Pay per call is a performance model in which an advertiser pays only when a qualifying inbound phone call is generated, rather than per click or per impression.

Pay per call is an advertising and lead-generation model where payment is triggered by a qualifying phone call (typically one that meets a minimum duration or other quality bar) instead of by a click. Networks and affiliates send calls to a buyer’s tracking number, and only billable calls cost money, which shifts risk toward the publisher and rewards genuine intent.

The model depends entirely on accurate call attribution and call conversion rules. See pay-per-call lead generation for how these programs are built and tracked.

Frequently asked questions

Who uses pay per call?

It is common in high-value local verticals (legal, insurance, home services, healthcare) and in rank-and-rent lead generation, where an operator ranks a site and sells the calls it produces to a buyer.

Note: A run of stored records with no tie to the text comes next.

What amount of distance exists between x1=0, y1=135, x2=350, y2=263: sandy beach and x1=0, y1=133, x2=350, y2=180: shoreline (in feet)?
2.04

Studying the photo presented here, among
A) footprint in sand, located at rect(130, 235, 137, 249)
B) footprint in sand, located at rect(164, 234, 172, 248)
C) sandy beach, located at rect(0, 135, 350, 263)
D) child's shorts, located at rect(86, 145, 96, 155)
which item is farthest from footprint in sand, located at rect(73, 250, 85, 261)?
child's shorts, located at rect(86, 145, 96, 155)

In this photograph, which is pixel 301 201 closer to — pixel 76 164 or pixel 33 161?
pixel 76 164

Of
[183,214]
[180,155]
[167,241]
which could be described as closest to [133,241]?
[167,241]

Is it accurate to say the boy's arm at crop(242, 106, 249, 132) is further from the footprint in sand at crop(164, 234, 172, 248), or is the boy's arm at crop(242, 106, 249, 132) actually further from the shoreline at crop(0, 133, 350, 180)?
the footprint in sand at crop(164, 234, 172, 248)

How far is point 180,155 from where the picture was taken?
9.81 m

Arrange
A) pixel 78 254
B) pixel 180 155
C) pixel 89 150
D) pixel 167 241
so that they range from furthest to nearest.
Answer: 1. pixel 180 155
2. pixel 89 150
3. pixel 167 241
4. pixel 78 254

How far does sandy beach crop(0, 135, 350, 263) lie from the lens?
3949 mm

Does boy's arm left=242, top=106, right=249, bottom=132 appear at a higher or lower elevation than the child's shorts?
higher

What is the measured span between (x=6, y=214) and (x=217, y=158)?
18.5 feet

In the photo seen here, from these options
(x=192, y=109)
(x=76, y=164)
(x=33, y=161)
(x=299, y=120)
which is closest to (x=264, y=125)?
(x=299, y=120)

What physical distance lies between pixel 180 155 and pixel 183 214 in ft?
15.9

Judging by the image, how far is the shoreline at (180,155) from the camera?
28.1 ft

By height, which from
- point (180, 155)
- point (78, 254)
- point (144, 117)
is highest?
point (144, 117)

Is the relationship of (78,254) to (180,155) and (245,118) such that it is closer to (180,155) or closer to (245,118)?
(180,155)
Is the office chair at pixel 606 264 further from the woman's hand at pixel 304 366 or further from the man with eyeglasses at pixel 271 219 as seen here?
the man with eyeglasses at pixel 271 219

What makes a call billable in a pay-per-call deal?

Both sides agree on a definition up front, usually a minimum call duration and an accepted source. Calls that meet the bar are billable; shorter or disqualified calls are not, which keeps the model honest for buyer and publisher alike.

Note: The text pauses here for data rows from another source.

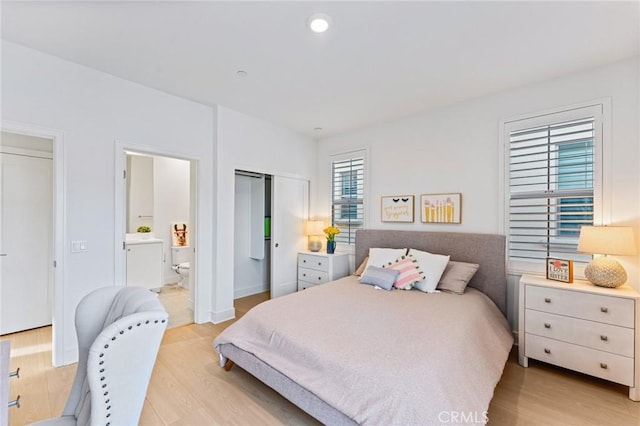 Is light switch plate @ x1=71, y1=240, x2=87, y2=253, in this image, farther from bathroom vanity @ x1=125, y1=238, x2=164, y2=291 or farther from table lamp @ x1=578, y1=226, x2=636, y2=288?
table lamp @ x1=578, y1=226, x2=636, y2=288

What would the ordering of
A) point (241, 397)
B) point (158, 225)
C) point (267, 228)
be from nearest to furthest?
point (241, 397)
point (267, 228)
point (158, 225)

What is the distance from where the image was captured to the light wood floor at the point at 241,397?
1.87 metres

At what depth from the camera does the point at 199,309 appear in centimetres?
346

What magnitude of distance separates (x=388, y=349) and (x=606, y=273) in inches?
78.7

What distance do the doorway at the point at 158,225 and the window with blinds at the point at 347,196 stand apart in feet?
7.61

How do you start a pay-per-call business?

Pick a high-value vertical (legal, insurance, home services), line up a buyer who will pay for qualifying calls, then drive calls to a [tracking number](/glossary/tracking-number/) through ads, SEO, or affiliates. The tracking number enforces the [billable-call](/glossary/billable-call/) rules so only qualifying calls are charged. See [pay-per-call lead generation](/blog/pay-per-call-lead-generation/).

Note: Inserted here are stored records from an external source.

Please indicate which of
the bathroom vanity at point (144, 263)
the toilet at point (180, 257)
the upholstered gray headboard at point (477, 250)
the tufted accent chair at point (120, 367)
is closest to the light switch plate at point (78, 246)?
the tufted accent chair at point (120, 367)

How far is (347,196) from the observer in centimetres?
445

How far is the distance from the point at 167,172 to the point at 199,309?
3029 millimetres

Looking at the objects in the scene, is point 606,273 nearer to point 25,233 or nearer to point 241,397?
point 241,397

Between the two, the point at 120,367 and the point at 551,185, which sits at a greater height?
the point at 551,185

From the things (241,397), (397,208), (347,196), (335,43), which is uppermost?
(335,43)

How do you get a pay-per-call number?

You provision a [tracking number](/glossary/tracking-number/) through a call tracking platform and point it at the buyer's destination line. The platform records the source and duration of every call, which is what lets both sides agree on which calls are billable.

Is pay-per-call worth it?

For buyers it is attractive because you pay only for qualifying calls, not clicks or impressions, so spend maps directly to real prospects. For publishers it rewards genuine intent but shifts risk onto them, since unbillable calls earn nothing. It works best in high-value verticals where a single call can be worth hundreds of dollars.